Au chemin du Mauvais pas, les habitants regardent les maisons, propriétés de la Ville, se dégrader. (Photo : Violette Artaud)
Au chemin du Mauvais pas, les habitants regardent les maisons, propriétés de la Ville, se dégrader. (Photo : Violette Artaud)

Au chemin du Mauvais pas, les habitants regardent les maisons, propriétés de la Ville, se dégrader. (Photo : Violette Artaud)
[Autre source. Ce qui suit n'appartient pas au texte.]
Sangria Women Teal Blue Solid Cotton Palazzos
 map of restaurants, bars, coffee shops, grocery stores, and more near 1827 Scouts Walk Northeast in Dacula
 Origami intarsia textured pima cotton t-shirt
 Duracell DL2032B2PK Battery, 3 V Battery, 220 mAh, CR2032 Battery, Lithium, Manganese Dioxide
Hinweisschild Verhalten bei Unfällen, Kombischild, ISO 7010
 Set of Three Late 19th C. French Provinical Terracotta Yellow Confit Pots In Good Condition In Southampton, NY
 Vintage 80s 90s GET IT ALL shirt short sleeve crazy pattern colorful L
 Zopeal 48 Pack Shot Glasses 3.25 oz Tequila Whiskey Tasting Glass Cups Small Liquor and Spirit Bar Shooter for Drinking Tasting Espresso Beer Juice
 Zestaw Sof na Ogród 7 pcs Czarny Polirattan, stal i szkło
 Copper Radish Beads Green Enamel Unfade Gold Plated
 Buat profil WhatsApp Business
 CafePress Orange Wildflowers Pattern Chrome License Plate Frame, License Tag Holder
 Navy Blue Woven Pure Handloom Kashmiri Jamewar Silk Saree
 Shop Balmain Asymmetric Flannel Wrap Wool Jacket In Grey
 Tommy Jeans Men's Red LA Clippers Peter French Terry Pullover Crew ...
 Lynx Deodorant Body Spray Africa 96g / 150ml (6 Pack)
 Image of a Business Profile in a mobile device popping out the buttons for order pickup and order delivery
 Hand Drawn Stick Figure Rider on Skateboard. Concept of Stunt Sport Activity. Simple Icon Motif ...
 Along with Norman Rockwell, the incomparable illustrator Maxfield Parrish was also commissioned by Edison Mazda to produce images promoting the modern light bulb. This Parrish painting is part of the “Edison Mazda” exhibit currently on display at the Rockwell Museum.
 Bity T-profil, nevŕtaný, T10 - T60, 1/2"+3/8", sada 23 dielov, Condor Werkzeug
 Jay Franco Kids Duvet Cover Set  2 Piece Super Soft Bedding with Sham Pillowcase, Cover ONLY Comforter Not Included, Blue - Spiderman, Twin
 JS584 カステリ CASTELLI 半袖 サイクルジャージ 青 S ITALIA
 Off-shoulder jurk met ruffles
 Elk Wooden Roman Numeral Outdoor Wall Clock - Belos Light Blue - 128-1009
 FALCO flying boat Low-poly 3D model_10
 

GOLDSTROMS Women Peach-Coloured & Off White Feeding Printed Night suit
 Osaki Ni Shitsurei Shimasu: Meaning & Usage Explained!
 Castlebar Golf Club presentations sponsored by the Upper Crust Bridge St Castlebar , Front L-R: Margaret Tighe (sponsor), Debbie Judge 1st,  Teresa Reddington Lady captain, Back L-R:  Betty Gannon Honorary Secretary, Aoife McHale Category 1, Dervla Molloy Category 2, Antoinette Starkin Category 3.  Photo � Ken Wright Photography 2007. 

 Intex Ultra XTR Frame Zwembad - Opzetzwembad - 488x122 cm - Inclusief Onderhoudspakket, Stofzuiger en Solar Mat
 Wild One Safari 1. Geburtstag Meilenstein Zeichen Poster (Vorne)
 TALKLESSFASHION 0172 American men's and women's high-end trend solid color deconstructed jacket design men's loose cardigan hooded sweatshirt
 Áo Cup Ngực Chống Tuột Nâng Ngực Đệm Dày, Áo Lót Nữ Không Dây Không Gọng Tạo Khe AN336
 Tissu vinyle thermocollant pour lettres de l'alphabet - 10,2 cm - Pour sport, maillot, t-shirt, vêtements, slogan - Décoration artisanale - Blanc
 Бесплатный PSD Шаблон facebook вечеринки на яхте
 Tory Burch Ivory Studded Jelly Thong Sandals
Seuls les curieux connaissent le coin. Le chemin du Mauvais pas n’a pas d’accès direct à la mer. Mais sur les hauteurs de cette petite crique coincée entre la plage de Bonne brise, plus connue sous le nom de chez Dédé, et celle de la Verrerie, une petite centaine de cabanoniers vit paisiblement. Vue mer, minuscules ruelles dans lesquelles des enfants jouent en maillot de bain, scooters posés contre les murs et voisins qui s’interpellent, l’endroit a comme un air d’Italie. C’est précisément de la péninsule que viennent certaines familles qui habitent le lieu. “Mes grands-parents sont arrivés ici en 1950 pour travailler. C’était le sous-prolétariat, ils étaient employés à l’usine Legré-Mante, juste à côté”, raconte Philippe, entouré de minots du quartier. Quant aux maisons, dit-on, elles ont été construites par les habitants eux-mêmes, “de bric et de broc”. Tous étaient immigrés, Italiens ou pieds-noirs.

Quartier du Mauvais pas, dans le 8e arrondissement de Marseille. (Photo : Violette Artaud)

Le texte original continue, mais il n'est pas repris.